Кое-что трогает. Один из пленных — черный белоглазый, курчавый — жадно курит «под губки», то есть крохотный, обжигающий губы окурок. Толкает впереди идущего, передает ему. Тот жадно затягивается и передает следующему.
Или — в последнем ряду идут больные.
— Глядите, глядите, друг дружку под руки ведут.
Вдруг — дикий плач. В толпе мечется семи-восьмилетняя девочка.
— Что с тобой? Задавили? Маму потеряла?
— Боюсь! Ой, боюсь! Ой, немцев боюсь!..
А она их и не видит, бедная. Только слышит мерный топот их ног.
Прошло мимо нас несколько тысяч (тысяч десять — пятнадцать, я думаю) фрицев. Ни одной, даже самой робкой улыбки на их лицах. И на толпу почти не смотрят. Особенно эсэсовцы. Эти (с какими-то отметными значками на груди) глядят и в самом деле зверями. А остальные — люди как люди. Есть и совсем мальчики, есть и старики. В очках. Интеллигентных лиц мало. Офицера не сразу отличишь от рядового. Почти все мрачны, испуганы, ждут или ждали, по-видимому, эксцессов. Но таковых, кажется, не было. И меня это по-настоящему радует.

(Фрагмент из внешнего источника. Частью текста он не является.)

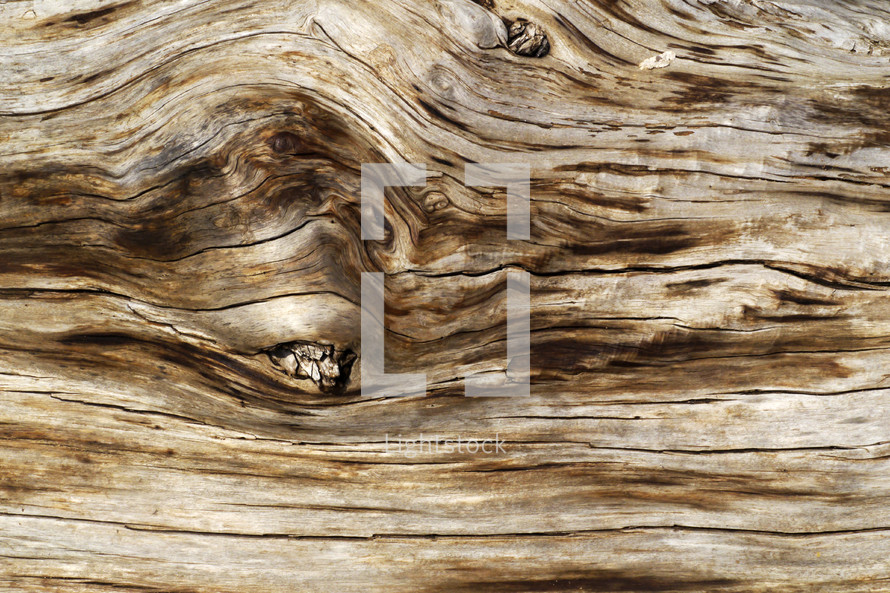 wood grains on a log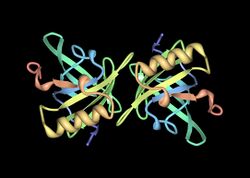 Crystal structure of Equ c 1 dimer.jpg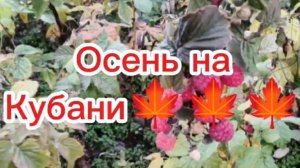 Осень на Кубани 🍁🍁🍁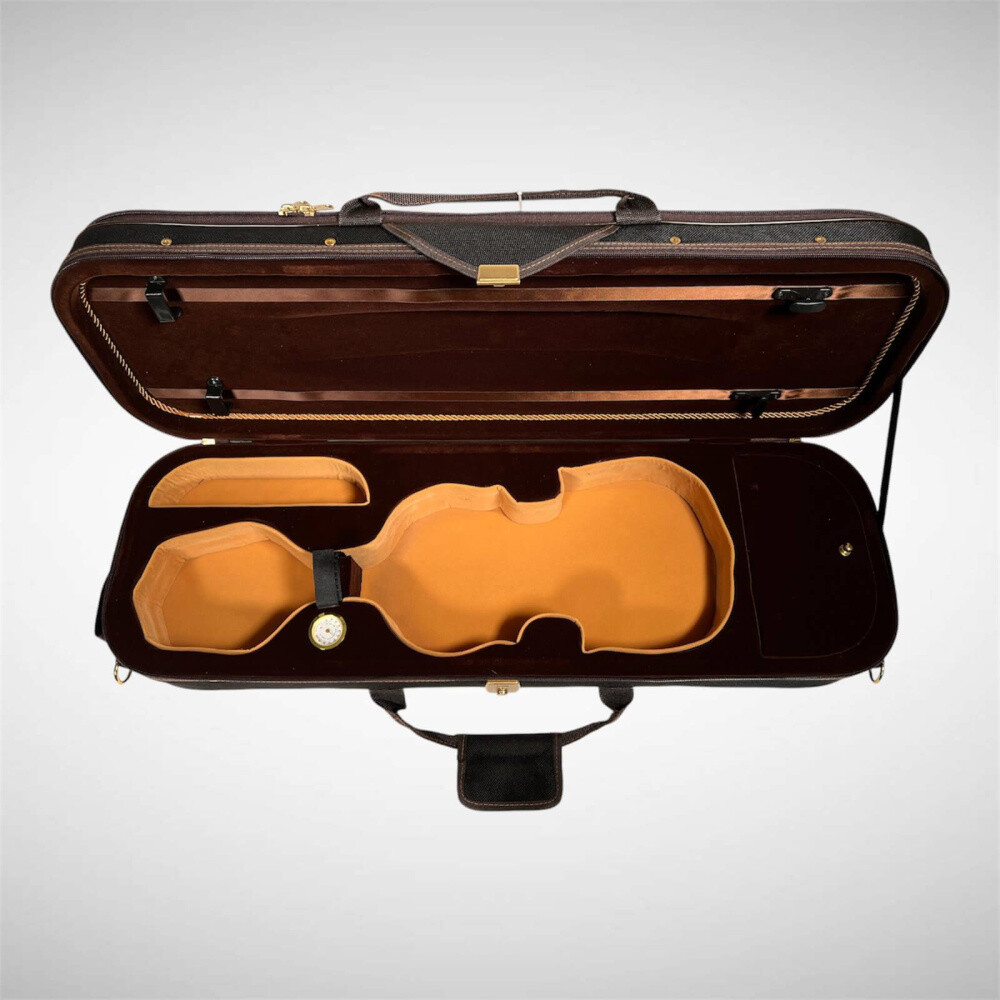 Petz 100VN case (case) for violin (violin)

Большинство групп (или отрядов) проследовало по Смоленскому бульвару к Калужскому шоссе. А последняя — свернула к Киевскому вокзалу. Каждую группу кроме конвоя сопровождают два немца (какие-нибудь старосты?). Перед каждой колонной вместе с русским офицером идет девушка в штатском, переводчица. В арьергарде — советские санитарки с красными крестами на сумках. Пленных «проконвоировали». Но толпы на бульварах и на прилегающих улицах еще долго не расходились. Много разговоров о том, для чего их вели через Москву.